Find, in the records below, the line that contains "Krabička Lavande de Provence 2ks 13x9x6cm" and the line that contains "Cozy Season, Unisex Comfort Colors Crewneck". Copy those two lines and everything between them exactly, but not the pictures.

#### DATA
[Start of section]

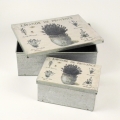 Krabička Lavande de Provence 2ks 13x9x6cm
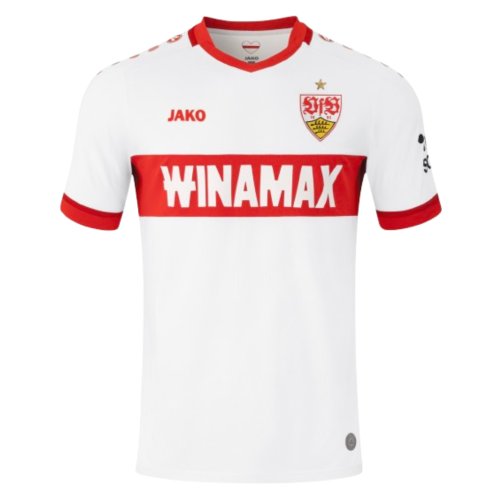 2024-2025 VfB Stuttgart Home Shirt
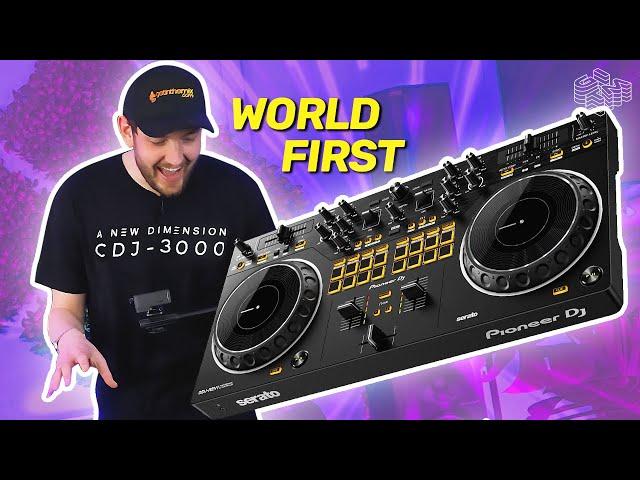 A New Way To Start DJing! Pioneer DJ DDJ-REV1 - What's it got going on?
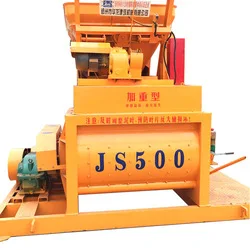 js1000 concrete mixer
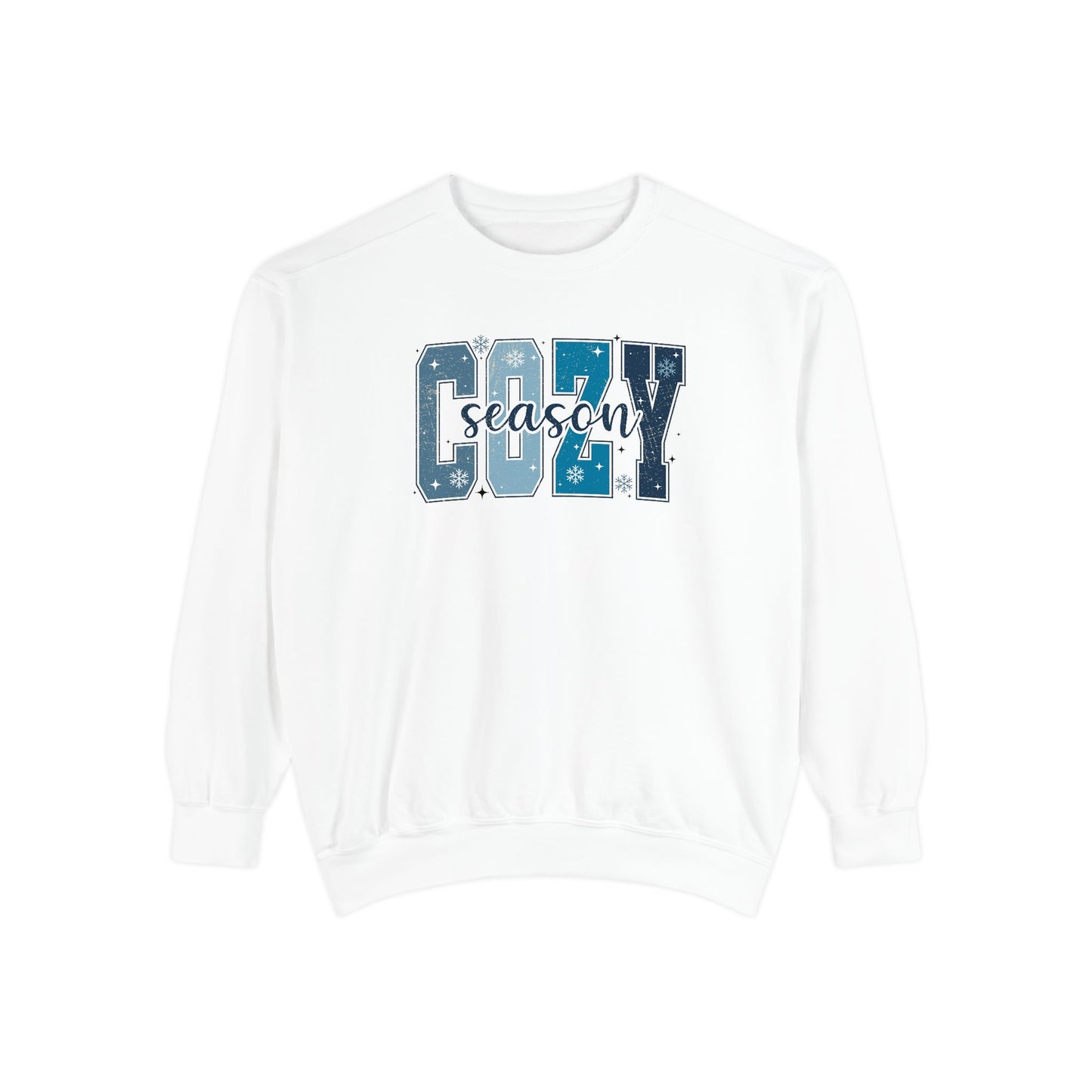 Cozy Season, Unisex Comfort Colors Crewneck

[End of section]
[Start of section]

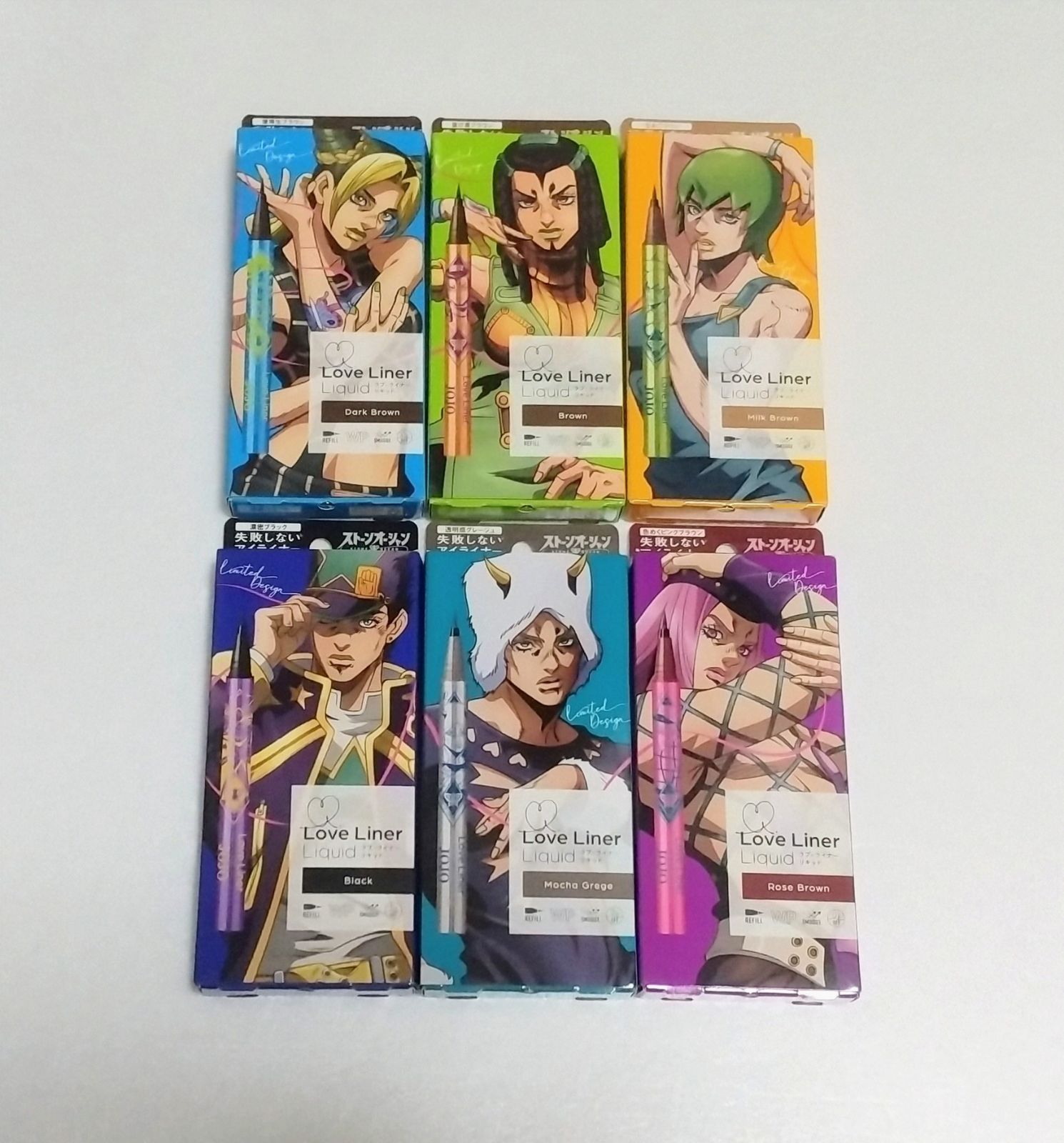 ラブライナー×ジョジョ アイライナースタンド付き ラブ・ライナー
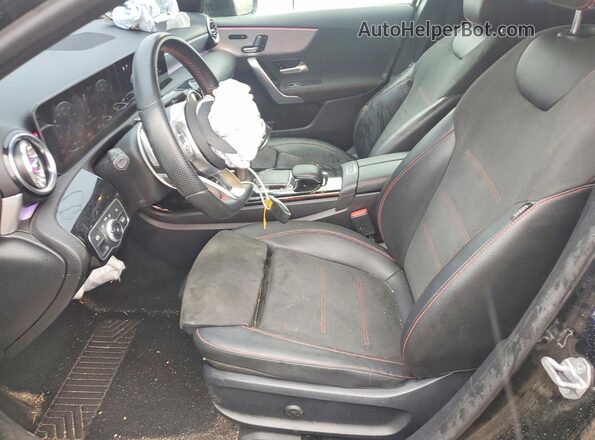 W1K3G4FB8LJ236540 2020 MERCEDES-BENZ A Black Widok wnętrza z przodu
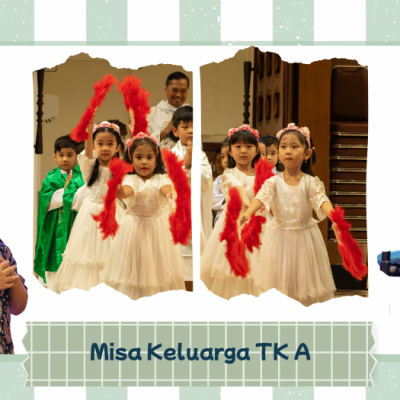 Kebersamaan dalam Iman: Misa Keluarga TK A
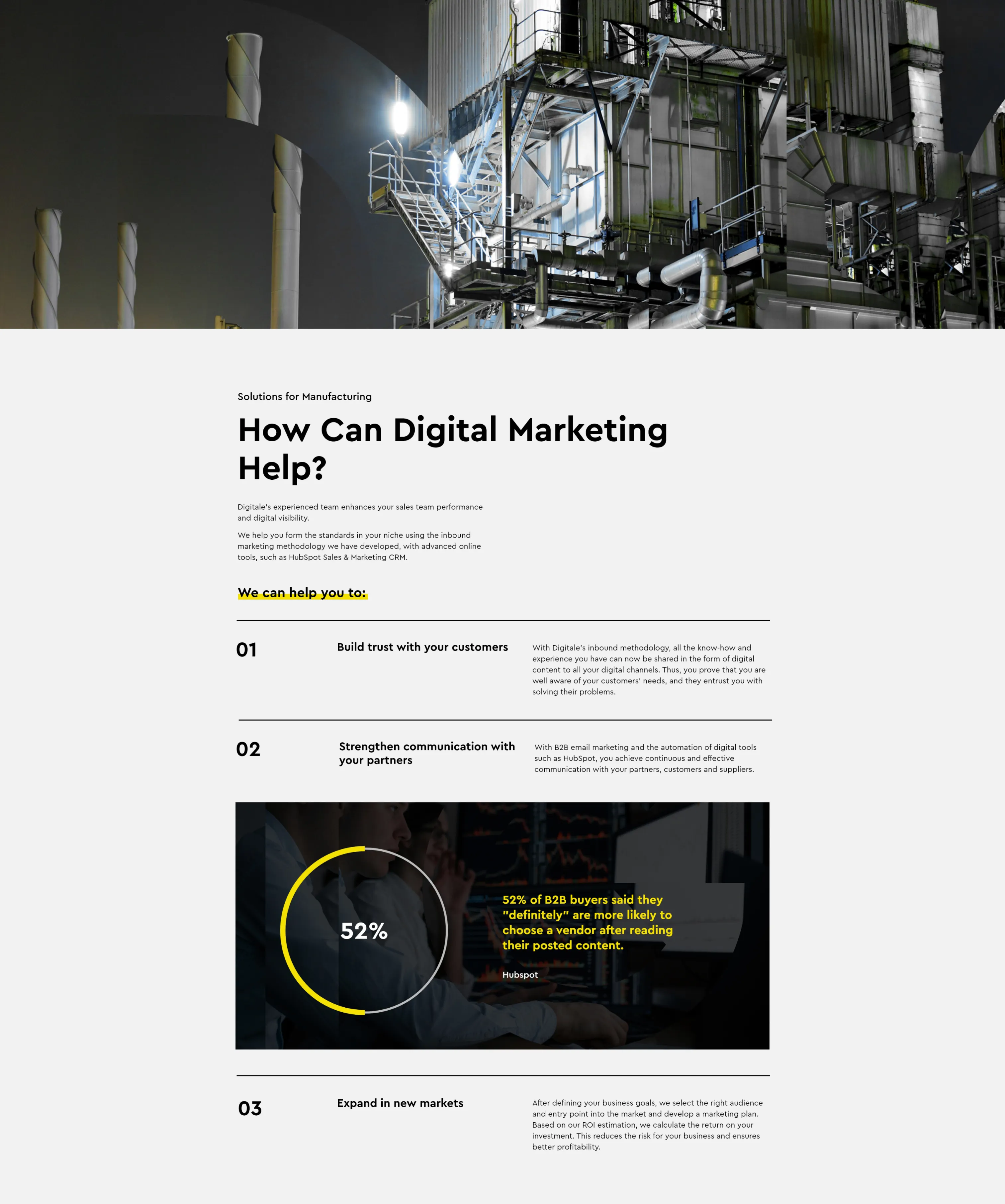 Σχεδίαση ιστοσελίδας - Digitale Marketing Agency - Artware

[End of section]

#### YOUR SOLUTION
 Krabička Lavande de Provence 2ks 13x9x6cm
 2024-2025 VfB Stuttgart Home Shirt
 A New Way To Start DJing! Pioneer DJ DDJ-REV1 - What's it got going on?
 js1000 concrete mixer
 Cozy Season, Unisex Comfort Colors Crewneck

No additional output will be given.